(Reuters) – Belarusian protest leader Maria Kolesnikova was detained while trying to enter Ukraine in the early hours of Tuesday morning, a Belarusian border official told Reuters, a day after her allies said she had been grabbed off the street by masked men.
The circumstances of her attempted journey to Ukraine were not immediately clear, with some media reports initially suggesting she had made it across the border, something border guards on both sides later denied.
The opposition movement on Monday said that masked men had detained Kolesnikova in central Minsk and driven her off in a van, while two other activists disappeared later.
Those two allies successfully crossed into Ukraine in the early hours of Tuesday morning, the Ukrainian border service said.
“Kolesnikova has now been detained, I can’t say concretely where she is, but she has been detained,” Anton Bychkovsky, a representative of the Belarusian border service, told Reuters by phone.
“She was detained in connection with the circumstances under which they (the group) left the territory of Belarus,” he said.
The official Belta news agency said she had been travelling with the two other activists who made it into Ukraine.
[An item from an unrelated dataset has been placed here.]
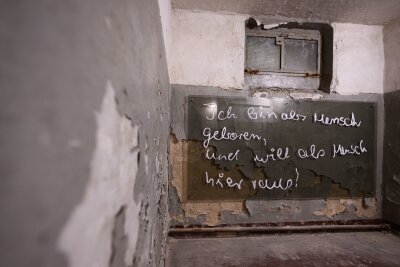 Gedenkstätte Jugendwerkhof Torgau erinnert an DDR-Repression - "Ich bin als Mensch geboren und will als Mensch hier raus" lautet das Motto einer Ausstellung in der Gedenkstätte Jugendwerkhof Torgau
Kolesnikova could not immediately be reached for comment.
Belta reported that Kolesnikova’s car had accelerated sharply after being confronted by a border guard.
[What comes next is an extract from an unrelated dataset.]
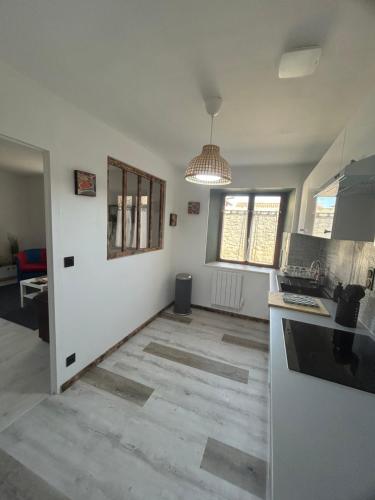 Maison 4 personnes, TV connectée (Maison 4 personnes, TV connectee) in Joinville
“Kolesnikova was outside the vehicle. In fact, she was pushed from it and it continued moving towards the Ukrainian side,” Belta quoted the border service as saying.
Reuters could not confirm the details of the account.
Police in Minsk were cited by Russia’s Interfax news agency as saying on Monday that they had not detained Kolesnikova.
Kolesnikova, a member of the opposition coordination council, was the last of three female politicians left in Belarus who joined forces before an Aug. 9 presidential election to try to challenge veteran incumbent Alexander Lukashenko.
A vocal critic of Lukashenko, she has played an important role in weeks of mass demonstrations and strikes by protesters who accuse Lukashenko of rigging his re-election.
Lukashenko, who has been in power for the last 26 years, denies that allegation and has accused foreign powers of trying to topple him in a revolution. He has responded with a crackdown which some those detained say includes torture and beatings.